_RECORDS SHOWN_
*****
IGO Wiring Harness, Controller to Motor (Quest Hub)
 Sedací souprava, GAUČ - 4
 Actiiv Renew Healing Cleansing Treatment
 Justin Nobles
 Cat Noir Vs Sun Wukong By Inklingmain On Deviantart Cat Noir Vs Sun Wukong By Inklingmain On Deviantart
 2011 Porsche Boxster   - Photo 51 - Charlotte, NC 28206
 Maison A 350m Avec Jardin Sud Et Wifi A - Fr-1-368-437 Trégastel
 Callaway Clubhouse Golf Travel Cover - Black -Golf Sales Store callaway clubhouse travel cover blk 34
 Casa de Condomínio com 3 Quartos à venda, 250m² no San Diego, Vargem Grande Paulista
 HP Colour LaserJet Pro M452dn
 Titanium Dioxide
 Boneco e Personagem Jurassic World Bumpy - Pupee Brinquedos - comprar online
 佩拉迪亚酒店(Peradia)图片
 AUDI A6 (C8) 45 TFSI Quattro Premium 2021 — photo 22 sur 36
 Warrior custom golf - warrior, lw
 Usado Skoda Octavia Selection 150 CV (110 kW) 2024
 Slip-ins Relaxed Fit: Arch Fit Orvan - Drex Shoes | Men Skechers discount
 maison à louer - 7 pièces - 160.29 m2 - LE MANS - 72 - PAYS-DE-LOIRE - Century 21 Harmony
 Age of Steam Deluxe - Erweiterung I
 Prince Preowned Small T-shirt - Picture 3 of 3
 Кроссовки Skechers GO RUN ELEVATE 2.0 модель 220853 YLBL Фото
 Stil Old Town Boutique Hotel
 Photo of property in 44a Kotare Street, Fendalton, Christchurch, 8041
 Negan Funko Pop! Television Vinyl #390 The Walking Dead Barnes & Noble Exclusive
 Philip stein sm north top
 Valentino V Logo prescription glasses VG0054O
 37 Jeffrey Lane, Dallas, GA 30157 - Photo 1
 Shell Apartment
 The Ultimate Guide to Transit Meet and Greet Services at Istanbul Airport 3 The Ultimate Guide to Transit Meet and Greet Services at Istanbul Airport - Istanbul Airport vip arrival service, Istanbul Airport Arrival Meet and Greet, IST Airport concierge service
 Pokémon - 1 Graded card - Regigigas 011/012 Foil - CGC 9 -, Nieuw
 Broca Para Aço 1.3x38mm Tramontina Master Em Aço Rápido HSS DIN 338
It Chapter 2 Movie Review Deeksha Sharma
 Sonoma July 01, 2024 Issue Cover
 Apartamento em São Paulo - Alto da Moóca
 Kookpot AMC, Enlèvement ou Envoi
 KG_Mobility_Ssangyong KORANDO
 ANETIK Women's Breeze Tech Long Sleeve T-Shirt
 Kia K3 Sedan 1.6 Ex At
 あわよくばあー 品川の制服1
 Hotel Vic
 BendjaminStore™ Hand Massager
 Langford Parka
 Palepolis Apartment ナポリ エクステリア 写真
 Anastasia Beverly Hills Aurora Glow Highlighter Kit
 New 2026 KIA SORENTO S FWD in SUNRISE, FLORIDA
*****
_WHAT THE TASK REQUIRES_
Reproduce the preceding entries exactly and completely.

_ANSWER SPACE_
IGO Wiring Harness, Controller to Motor (Quest Hub)
 Sedací souprava, GAUČ - 4
 Actiiv Renew Healing Cleansing Treatment
 Justin Nobles
 Cat Noir Vs Sun Wukong By Inklingmain On Deviantart Cat Noir Vs Sun Wukong By Inklingmain On Deviantart
 2011 Porsche Boxster   - Photo 51 - Charlotte, NC 28206
 Maison A 350m Avec Jardin Sud Et Wifi A - Fr-1-368-437 Trégastel
 Callaway Clubhouse Golf Travel Cover - Black -Golf Sales Store callaway clubhouse travel cover blk 34
 Casa de Condomínio com 3 Quartos à venda, 250m² no San Diego, Vargem Grande Paulista
 HP Colour LaserJet Pro M452dn
 Titanium Dioxide
 Boneco e Personagem Jurassic World Bumpy - Pupee Brinquedos - comprar online
 佩拉迪亚酒店(Peradia)图片
 AUDI A6 (C8) 45 TFSI Quattro Premium 2021 — photo 22 sur 36
 Warrior custom golf - warrior, lw
 Usado Skoda Octavia Selection 150 CV (110 kW) 2024
 Slip-ins Relaxed Fit: Arch Fit Orvan - Drex Shoes | Men Skechers discount
 maison à louer - 7 pièces - 160.29 m2 - LE MANS - 72 - PAYS-DE-LOIRE - Century 21 Harmony
 Age of Steam Deluxe - Erweiterung I
 Prince Preowned Small T-shirt - Picture 3 of 3
 Кроссовки Skechers GO RUN ELEVATE 2.0 модель 220853 YLBL Фото
 Stil Old Town Boutique Hotel
 Photo of property in 44a Kotare Street, Fendalton, Christchurch, 8041
 Negan Funko Pop! Television Vinyl #390 The Walking Dead Barnes & Noble Exclusive
 Philip stein sm north top
 Valentino V Logo prescription glasses VG0054O
 37 Jeffrey Lane, Dallas, GA 30157 - Photo 1
 Shell Apartment
 The Ultimate Guide to Transit Meet and Greet Services at Istanbul Airport 3 The Ultimate Guide to Transit Meet and Greet Services at Istanbul Airport - Istanbul Airport vip arrival service, Istanbul Airport Arrival Meet and Greet, IST Airport concierge service
 Pokémon - 1 Graded card - Regigigas 011/012 Foil - CGC 9 -, Nieuw
 Broca Para Aço 1.3x38mm Tramontina Master Em Aço Rápido HSS DIN 338
It Chapter 2 Movie Review Deeksha Sharma
 Sonoma July 01, 2024 Issue Cover
 Apartamento em São Paulo - Alto da Moóca
 Kookpot AMC, Enlèvement ou Envoi
 KG_Mobility_Ssangyong KORANDO
 ANETIK Women's Breeze Tech Long Sleeve T-Shirt
 Kia K3 Sedan 1.6 Ex At
 あわよくばあー 品川の制服1
 Hotel Vic
 BendjaminStore™ Hand Massager
 Langford Parka
 Palepolis Apartment ナポリ エクステリア 写真
 Anastasia Beverly Hills Aurora Glow Highlighter Kit
 New 2026 KIA SORENTO S FWD in SUNRISE, FLORIDA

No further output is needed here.